*PROBLEM*:
Every line from the one with "Qudinip Pennino Capacitivo" to the one with "Vintage, Ανδρική Αθλητική", including those two, is to be copied exactly; all other lines of the entries below are left out.

*DATASET EXCERPTS*:
[Start of section]

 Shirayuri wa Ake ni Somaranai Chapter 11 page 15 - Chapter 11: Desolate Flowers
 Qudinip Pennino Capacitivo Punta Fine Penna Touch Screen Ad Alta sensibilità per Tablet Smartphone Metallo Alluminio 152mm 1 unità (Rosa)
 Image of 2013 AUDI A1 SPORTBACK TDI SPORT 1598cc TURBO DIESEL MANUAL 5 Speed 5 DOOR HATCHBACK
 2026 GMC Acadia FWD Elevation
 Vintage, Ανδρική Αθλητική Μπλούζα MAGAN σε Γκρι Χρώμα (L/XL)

[End of section]
[Start of section]

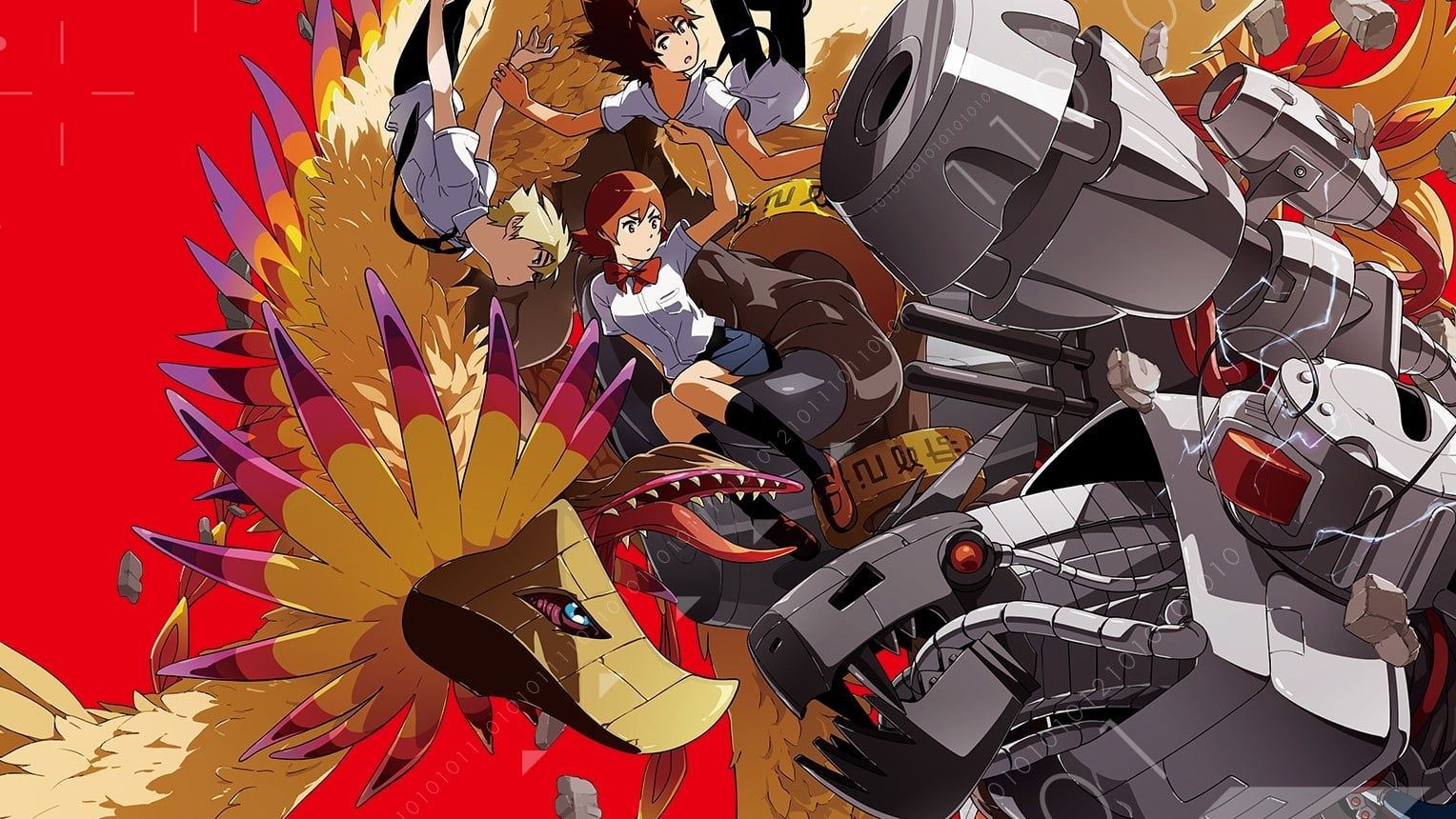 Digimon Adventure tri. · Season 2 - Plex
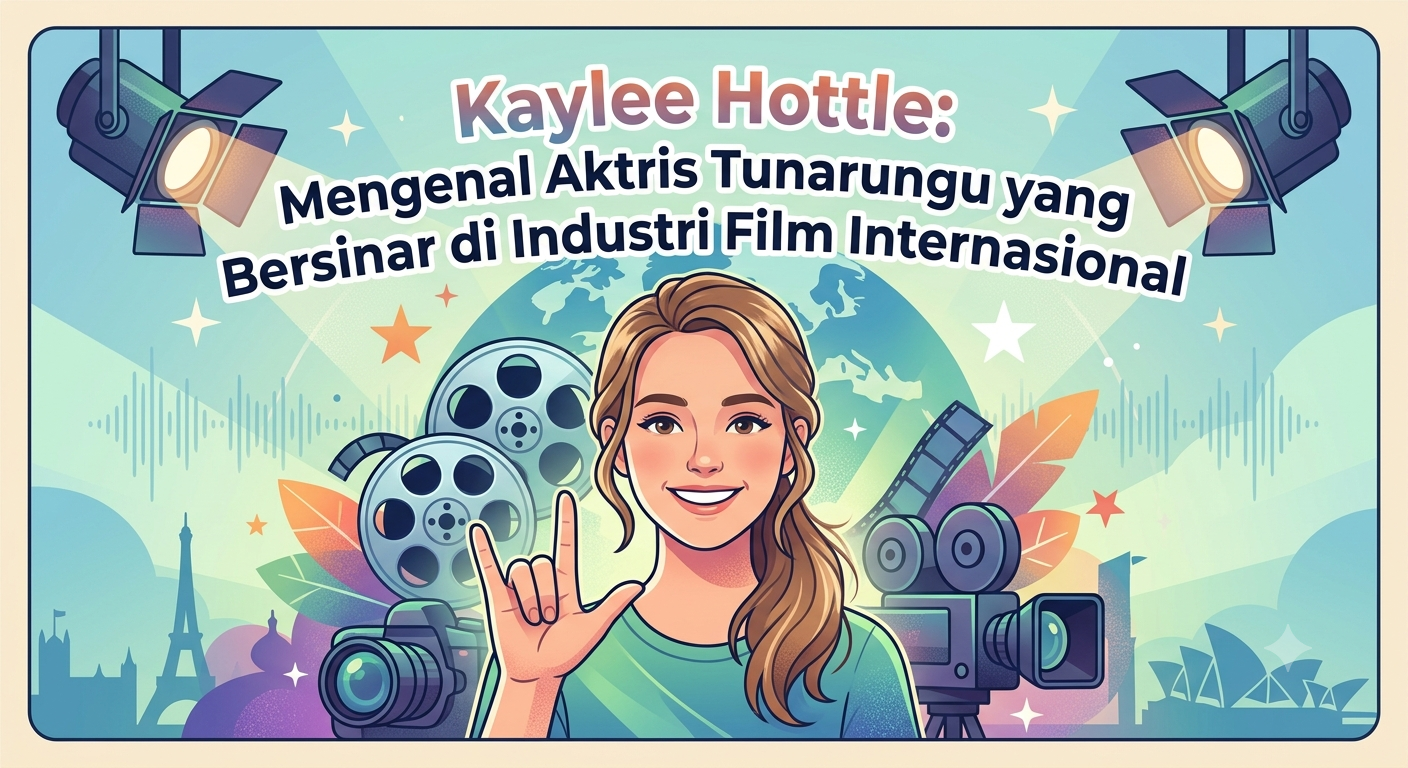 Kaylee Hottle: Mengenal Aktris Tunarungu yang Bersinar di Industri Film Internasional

[End of section]

*ANSWER TO THIS EXERCISE*:
 Qudinip Pennino Capacitivo Punta Fine Penna Touch Screen Ad Alta sensibilità per Tablet Smartphone Metallo Alluminio 152mm 1 unità (Rosa)
 Image of 2013 AUDI A1 SPORTBACK TDI SPORT 1598cc TURBO DIESEL MANUAL 5 Speed 5 DOOR HATCHBACK
 2026 GMC Acadia FWD Elevation
 Vintage, Ανδρική Αθλητική Μπλούζα MAGAN σε Γκρι Χρώμα (L/XL)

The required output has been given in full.